▶ _TASK PROMPT_: Retype the line in which "Charming 1-bedroom apartment" appears, then every line after it until the records end. Leave out the pictures.

▶ _GIVEN INFORMATION_:
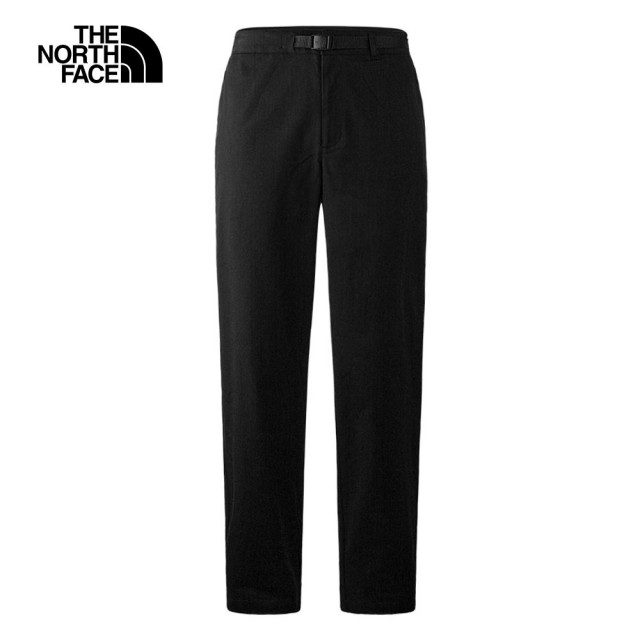 【The North Face】TNF 長褲 吸濕排汗防曬 M ML CASUAL PANT - AP 男 黑(NF0A81SMJK3)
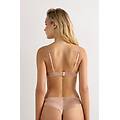 reggiseno a balconcino sofia in seta donna naturale taglia 4c
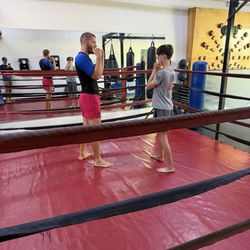 Fight Strong MMA - First Muay Thai class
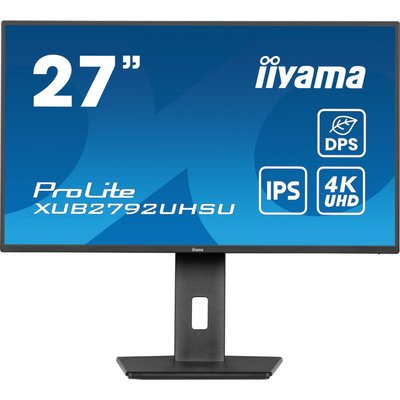 Ecran PC 4K PROLITE XUB2792UHSU-W6  Plat IPS IIYAMA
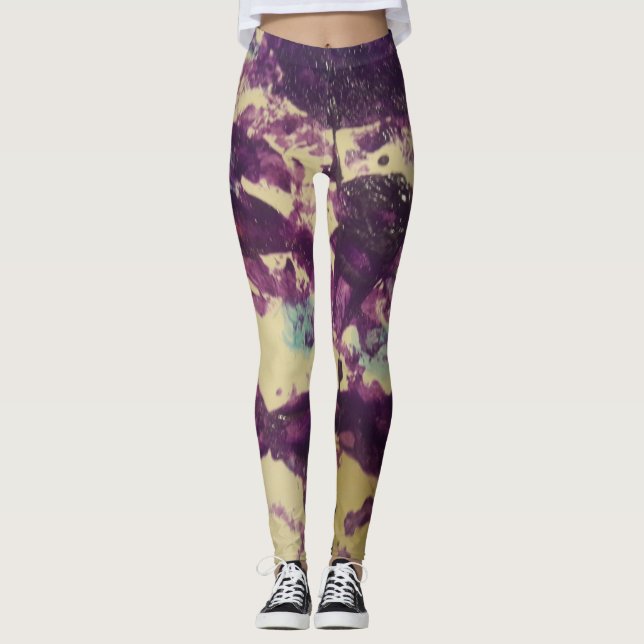 Leggings Funky Artsy Grunge (Anverso)
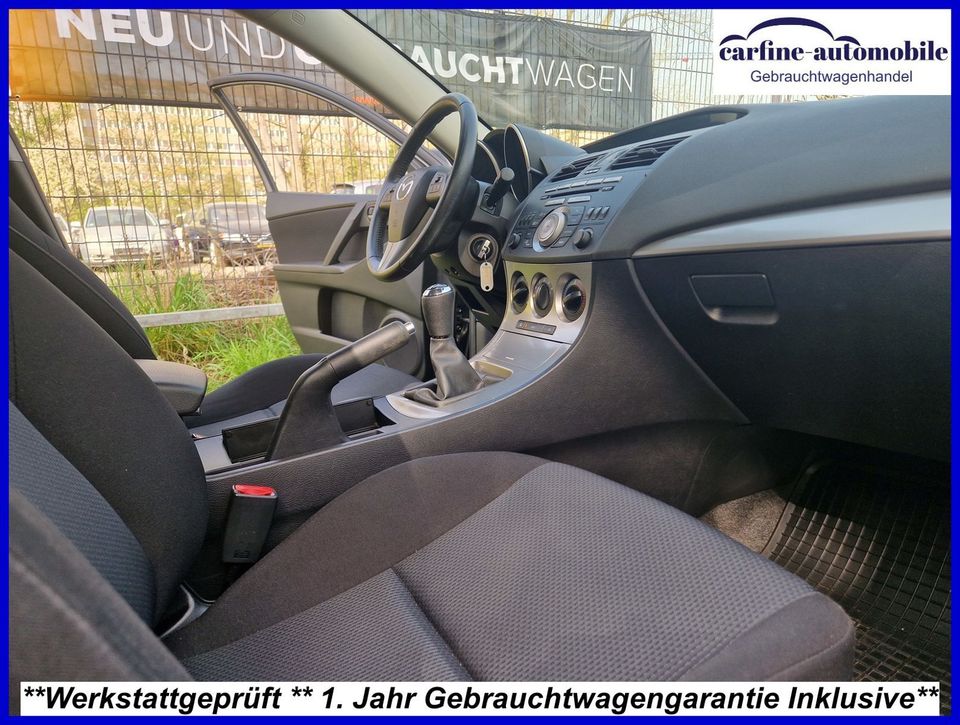 Mazda 3 Active 2.Hd. Klima PDC Alu HU:NEU+GARANTIE in Berlin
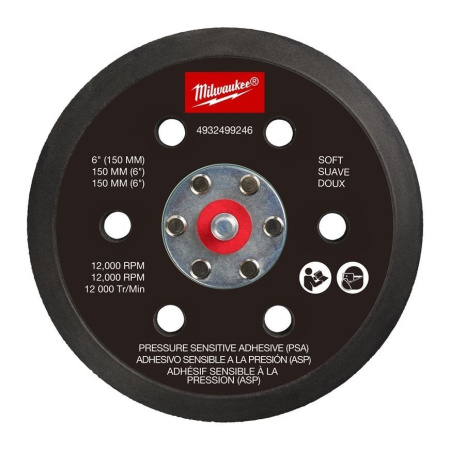MILWAUKEE TUKINAPA PEHMEÄ PSA M12FROS150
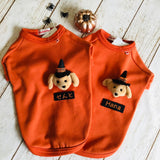 ウィズワン 愛犬のお名前入り ハロウィン 国産 Tシャツ うちの子 イベント ハロウィーン 犬服 男の子 女の子 おしゃれ with WaN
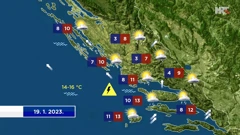 emisija "Vrijeme", Foto: HTV/HRT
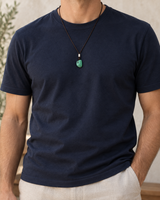 Quiet Current — Natural Turquoise — A different gesture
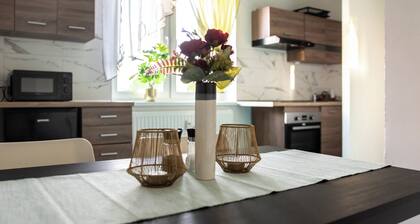 Charming 1-bedroom apartment in pleasant Moravskoslezský kraj with WiFi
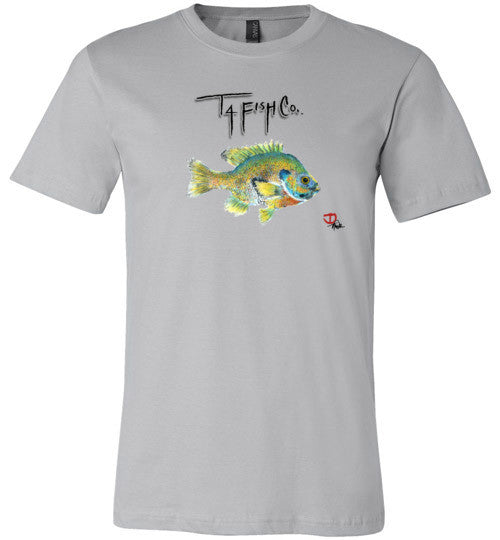 Men's Bluegill T-Shirt Front Print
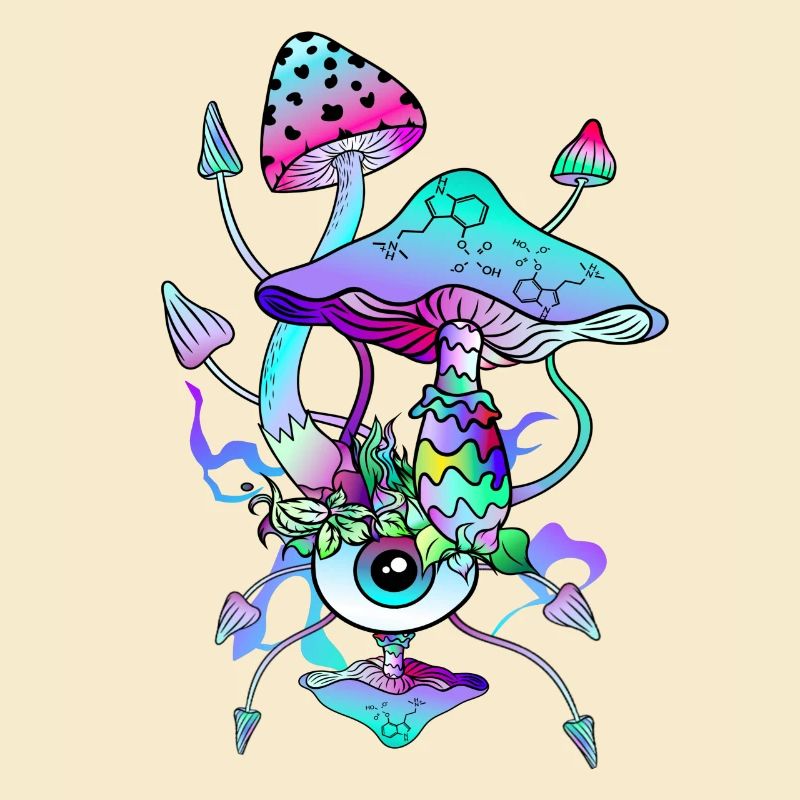 Psytrance Psychedelische Pilze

▶ _RESPONSE BOX_:
 Charming 1-bedroom apartment in pleasant Moravskoslezský kraj with WiFi
 Men's Bluegill T-Shirt Front Print
 Psytrance Psychedelische Pilze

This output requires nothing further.